Tuesday, February 20, 2018

Berlin 2018: 100 Words on Evan Johnson, Galen Johnson, and Guy Maddin's Accidence



Photo Credit: Six Shooter Records

By Thomas Puhr

Accidence (2018) immediately demands multiple viewings. Presented as a single shot that merges live action and unobtrusive animation, the short chronicles the goings-on of an array of apartment building tenants whose paths intertwine in unexpected and surreal ways. The stories on dollhouse-like display range from the banal (a man sleeping on his balcony), to the dramatic (a murder), to the bewildering (a man investigating shadows through a window). Maddin, Johnson, and Johnson merge the beginning and end (a clock in the central room proves key) so that the film, like a mesmerizing ambient album, could seemingly repeat itself into eternity.

Thursday, February 15, 2018

100 Words on Maurice Haeems' Chimera (2018)


By Thomas Puhr
Like its conflicted protagonist, Maurice Haeems’ Chimera (2018) suffers from a bit of an identity crisis. On the one hand, it is a cerebral piece of speculative science-fiction: Henry Ian Cusick (playing it straight) is Quint, a scientist who freezes his children while searching for a cure to their life-threatening illness. On the other hand, it is a gleefully over-the-top ode to B-movies: Kathleen Quinlan (hamming it up) costars as Masterson, a mysterious woman funding Quint’s experiments in hopes of reviving her husband. Some wild shifts in tone make Chimera uneven yet unpredictable. Its final third packs an undeniable punch.

Thursday, February 1, 2018

100 Words on Paul Thomas Anderson's Phantom Thread (2017)

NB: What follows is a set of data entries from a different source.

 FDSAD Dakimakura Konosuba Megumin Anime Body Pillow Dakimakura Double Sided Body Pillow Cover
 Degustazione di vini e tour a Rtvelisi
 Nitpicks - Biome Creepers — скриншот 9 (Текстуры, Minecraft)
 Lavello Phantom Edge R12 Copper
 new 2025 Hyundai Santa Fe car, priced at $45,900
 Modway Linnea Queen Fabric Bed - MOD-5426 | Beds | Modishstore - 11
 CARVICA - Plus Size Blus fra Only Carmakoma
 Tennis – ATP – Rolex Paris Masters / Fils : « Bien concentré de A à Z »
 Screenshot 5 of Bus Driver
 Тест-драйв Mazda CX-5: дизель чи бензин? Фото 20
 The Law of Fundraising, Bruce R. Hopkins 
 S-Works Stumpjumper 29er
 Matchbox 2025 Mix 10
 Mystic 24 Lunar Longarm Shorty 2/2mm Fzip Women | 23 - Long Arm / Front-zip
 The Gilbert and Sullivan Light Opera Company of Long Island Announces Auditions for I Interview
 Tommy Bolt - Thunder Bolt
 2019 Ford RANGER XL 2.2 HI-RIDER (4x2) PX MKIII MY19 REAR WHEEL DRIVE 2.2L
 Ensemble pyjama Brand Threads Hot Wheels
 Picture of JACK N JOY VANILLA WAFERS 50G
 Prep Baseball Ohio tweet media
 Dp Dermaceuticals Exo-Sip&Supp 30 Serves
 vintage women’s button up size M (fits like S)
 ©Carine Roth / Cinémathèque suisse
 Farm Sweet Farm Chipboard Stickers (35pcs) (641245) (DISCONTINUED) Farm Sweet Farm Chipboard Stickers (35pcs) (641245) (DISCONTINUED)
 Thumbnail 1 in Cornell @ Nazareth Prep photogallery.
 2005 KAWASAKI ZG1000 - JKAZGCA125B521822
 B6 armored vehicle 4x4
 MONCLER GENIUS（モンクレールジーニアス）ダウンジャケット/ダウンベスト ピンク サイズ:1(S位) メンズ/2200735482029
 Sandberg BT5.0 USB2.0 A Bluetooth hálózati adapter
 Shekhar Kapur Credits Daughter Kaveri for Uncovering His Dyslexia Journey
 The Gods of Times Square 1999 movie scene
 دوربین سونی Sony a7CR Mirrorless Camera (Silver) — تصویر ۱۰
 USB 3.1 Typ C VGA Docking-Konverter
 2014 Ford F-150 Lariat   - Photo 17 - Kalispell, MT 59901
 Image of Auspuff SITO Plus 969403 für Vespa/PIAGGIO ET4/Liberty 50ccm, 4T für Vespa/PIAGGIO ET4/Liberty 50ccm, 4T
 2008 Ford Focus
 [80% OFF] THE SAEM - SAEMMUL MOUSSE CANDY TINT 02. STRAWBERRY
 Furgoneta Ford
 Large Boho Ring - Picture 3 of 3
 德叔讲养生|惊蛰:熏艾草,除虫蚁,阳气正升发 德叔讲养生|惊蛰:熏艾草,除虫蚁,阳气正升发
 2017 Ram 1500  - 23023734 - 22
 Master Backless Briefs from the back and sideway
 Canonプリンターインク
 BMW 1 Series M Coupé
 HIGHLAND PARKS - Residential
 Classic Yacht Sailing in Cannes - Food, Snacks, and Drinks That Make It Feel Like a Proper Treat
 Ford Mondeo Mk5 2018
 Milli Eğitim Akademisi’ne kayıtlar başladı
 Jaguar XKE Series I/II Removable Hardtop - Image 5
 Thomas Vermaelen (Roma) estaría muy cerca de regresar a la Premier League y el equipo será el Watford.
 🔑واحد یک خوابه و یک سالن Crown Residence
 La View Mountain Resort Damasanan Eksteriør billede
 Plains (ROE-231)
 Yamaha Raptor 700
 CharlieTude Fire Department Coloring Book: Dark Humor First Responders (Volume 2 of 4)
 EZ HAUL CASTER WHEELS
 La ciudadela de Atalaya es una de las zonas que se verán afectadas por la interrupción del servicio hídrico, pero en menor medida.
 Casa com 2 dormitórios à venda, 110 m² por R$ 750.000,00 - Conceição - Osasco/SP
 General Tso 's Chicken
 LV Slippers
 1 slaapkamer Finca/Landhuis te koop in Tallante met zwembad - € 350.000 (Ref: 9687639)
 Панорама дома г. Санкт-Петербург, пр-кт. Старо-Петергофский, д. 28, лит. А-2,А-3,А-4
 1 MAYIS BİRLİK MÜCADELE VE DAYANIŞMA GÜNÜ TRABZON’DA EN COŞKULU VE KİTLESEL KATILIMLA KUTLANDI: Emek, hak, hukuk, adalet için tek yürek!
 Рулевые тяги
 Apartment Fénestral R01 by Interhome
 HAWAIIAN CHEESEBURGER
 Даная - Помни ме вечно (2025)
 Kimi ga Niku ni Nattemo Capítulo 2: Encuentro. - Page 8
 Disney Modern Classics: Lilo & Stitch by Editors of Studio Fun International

https://pbs.twimg.com/media/DQjs9fOWkAAr7y6.jpg
 
By Thomas Puhr
 
Daniel Day-Lewis gives a quietly intense and vulnerable performance as Reynolds Woodcock, an obsessive fashion designer, in what will be his final film. There is much to admire here, from the sumptuous costume design, to a hedonistic, almost surreal New Year’s Eve party, to some beautiful footage of Woodcock’s reckless nighttime drives (Anderson is the uncredited director of photography). The film’s second half, detailing the protagonist’s unconventional relationship with his muse/wife, Alma (Vicky Krieps), is its most engaging, especially when the writer-director dips ever-so-slightly into supernatural territory. Ultimately, like its central character, Phantom Thread remains aesthetically fascinating but emotionally remote.